L’air est fortement conditionné. Mais la chaleur accablante qu’il fait à l’extérieur se ressent quelque peu dans l’espace de près de 2 000 mètres carrés aménagé dans ce gigantesque bâtiment du quartier des affaires de Dubaï, tant il grouille de monde. Près de 1 500 personnes se retrouvent ici du 9 au 11 juin, à l’occasion du forum annuel d’Energynet, une plate-forme londonienne de mise en réseau des investisseurs dans le secteur de l’énergie en Afrique.
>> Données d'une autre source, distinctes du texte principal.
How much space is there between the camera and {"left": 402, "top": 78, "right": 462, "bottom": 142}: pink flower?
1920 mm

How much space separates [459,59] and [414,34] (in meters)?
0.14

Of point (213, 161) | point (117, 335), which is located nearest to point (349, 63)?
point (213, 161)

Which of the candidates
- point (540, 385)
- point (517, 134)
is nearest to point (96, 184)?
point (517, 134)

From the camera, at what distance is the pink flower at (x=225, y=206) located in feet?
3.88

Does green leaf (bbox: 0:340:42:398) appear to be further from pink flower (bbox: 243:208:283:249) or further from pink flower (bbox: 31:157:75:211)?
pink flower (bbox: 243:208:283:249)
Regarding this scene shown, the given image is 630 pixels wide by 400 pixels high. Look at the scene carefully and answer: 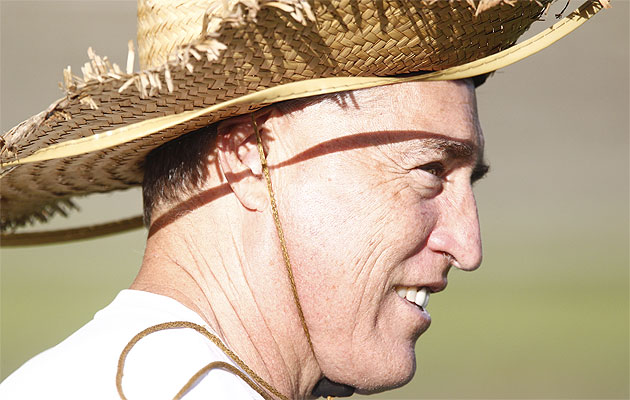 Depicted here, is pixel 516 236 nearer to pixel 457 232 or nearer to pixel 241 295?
pixel 457 232

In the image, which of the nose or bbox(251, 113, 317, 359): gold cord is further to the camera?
the nose

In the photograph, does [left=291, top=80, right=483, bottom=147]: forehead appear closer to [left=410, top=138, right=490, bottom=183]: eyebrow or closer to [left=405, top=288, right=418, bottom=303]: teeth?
[left=410, top=138, right=490, bottom=183]: eyebrow

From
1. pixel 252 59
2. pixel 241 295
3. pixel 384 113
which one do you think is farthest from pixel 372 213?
pixel 252 59

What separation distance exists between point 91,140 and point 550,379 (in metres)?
10.0

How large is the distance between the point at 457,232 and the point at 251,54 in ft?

Sur un étage entier, 500 entreprises tiennent chacune un stand présentant des réalisations et des projets en matière d’énergie sur le continent. Certaines sont spécialisées sur l’assainissement de l’eau ou sur la fabrication de panneaux solaires quand d’autres interviennent dans des projets hydroélectriques au Mozambique, au Ghana ou encore au Cameroun.
La plupart des exposants se refusent à admettre que cette mini-foire a toutes les allures d’une vitrine promotionnelle. Pourtant, les prospectus qu’ils distribuent aux visiteurs sont bien explicites : chacun affirme avoir la solution au déficit énergétique dont souffrent la plupart des pays africains.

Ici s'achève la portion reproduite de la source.